What is needed: When you print the records below, keep every word exact and leave out the images.

Data excerpts:
Segment Open

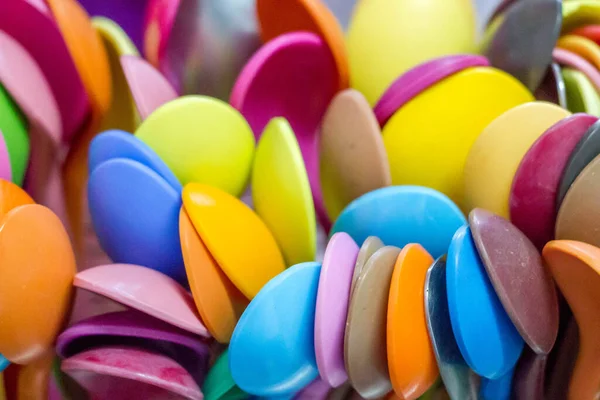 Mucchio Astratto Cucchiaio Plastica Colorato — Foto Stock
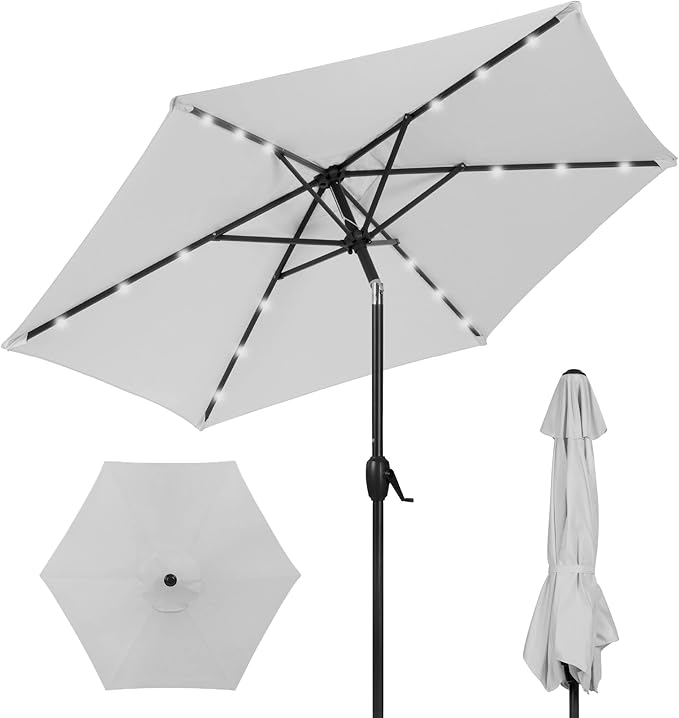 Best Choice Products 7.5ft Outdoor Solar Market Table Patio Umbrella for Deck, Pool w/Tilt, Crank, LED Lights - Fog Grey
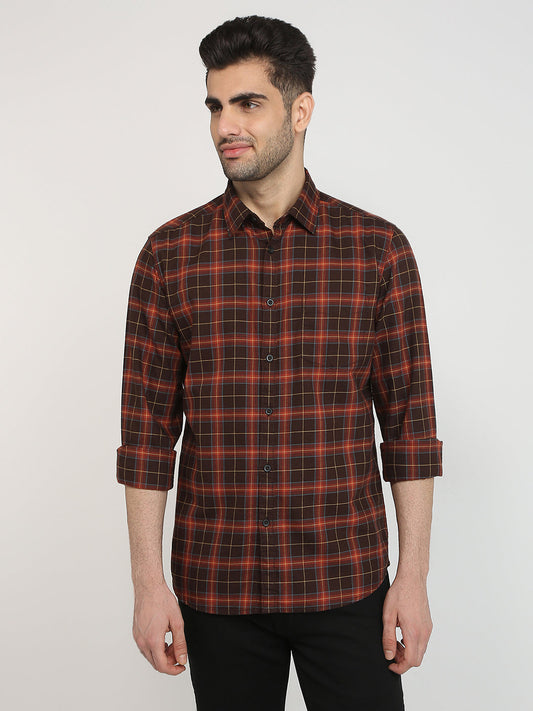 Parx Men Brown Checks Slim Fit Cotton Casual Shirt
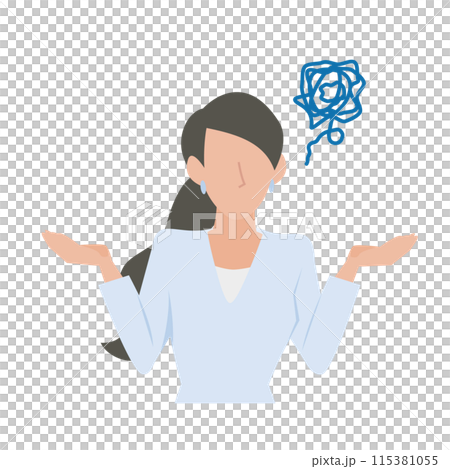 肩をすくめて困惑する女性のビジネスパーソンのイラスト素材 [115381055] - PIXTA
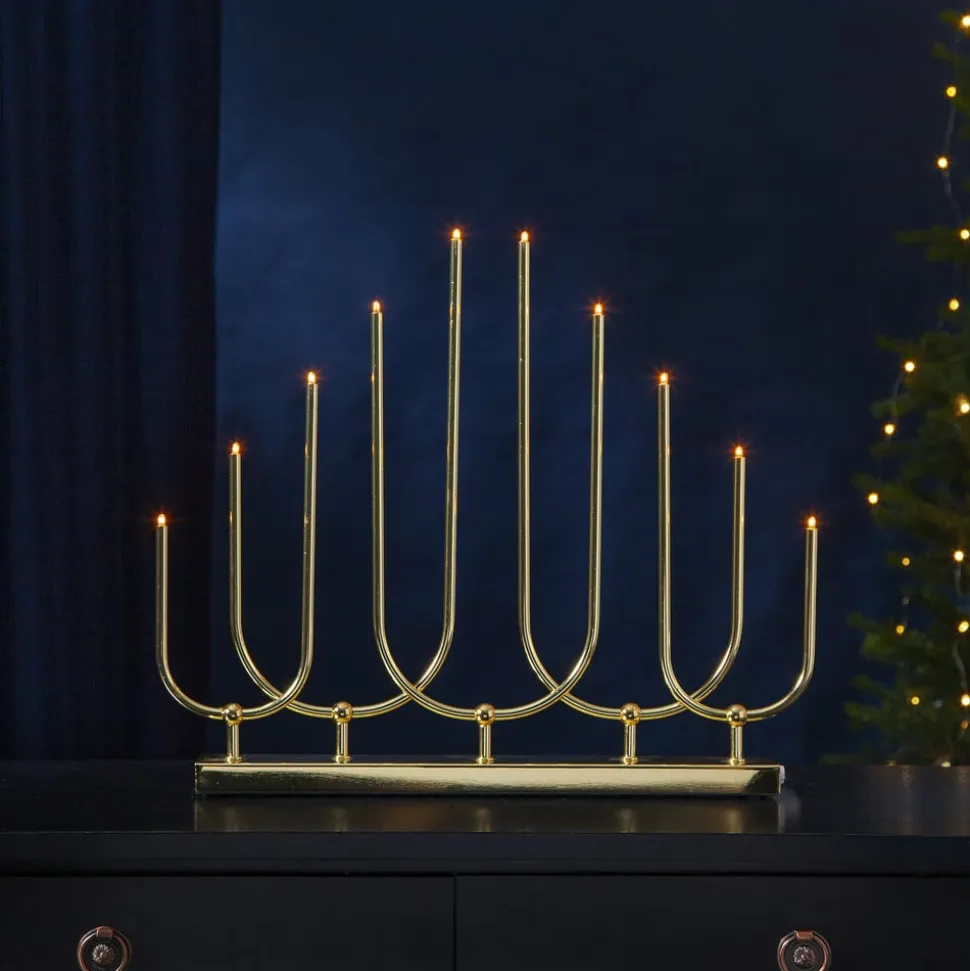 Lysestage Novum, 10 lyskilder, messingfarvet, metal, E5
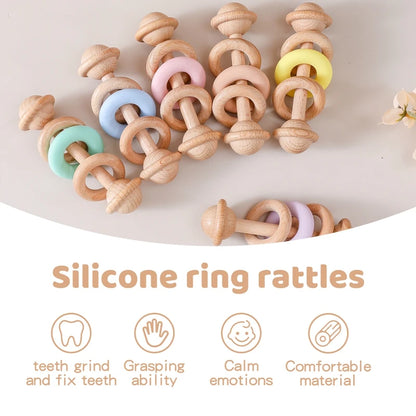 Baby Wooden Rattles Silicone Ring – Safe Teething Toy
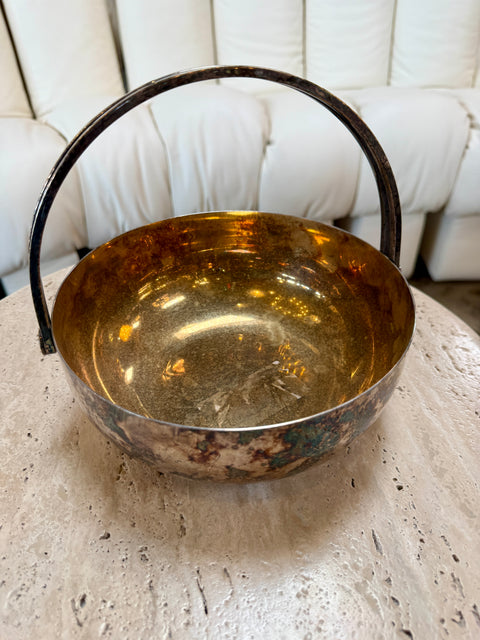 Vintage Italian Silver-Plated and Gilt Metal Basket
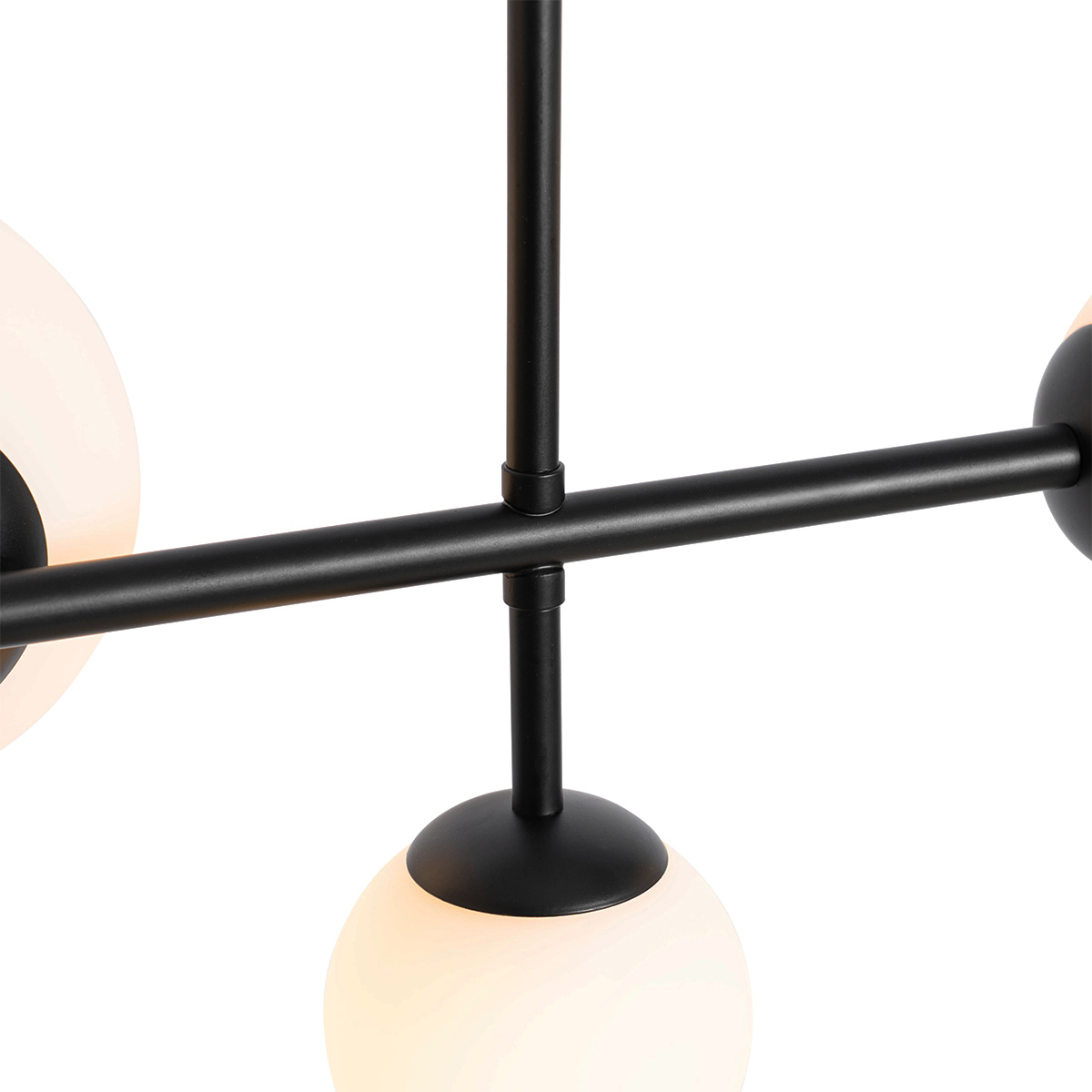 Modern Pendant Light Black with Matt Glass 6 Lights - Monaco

Segment Closed

Response box:
 Mucchio Astratto Cucchiaio Plastica Colorato — Foto Stock
 Best Choice Products 7.5ft Outdoor Solar Market Table Patio Umbrella for Deck, Pool w/Tilt, Crank, LED Lights - Fog Grey
 Parx Men Brown Checks Slim Fit Cotton Casual Shirt
 肩をすくめて困惑する女性のビジネスパーソンのイラスト素材 [115381055] - PIXTA
 Lysestage Novum, 10 lyskilder, messingfarvet, metal, E5
 Baby Wooden Rattles Silicone Ring – Safe Teething Toy
 Vintage Italian Silver-Plated and Gilt Metal Basket
 Modern Pendant Light Black with Matt Glass 6 Lights - Monaco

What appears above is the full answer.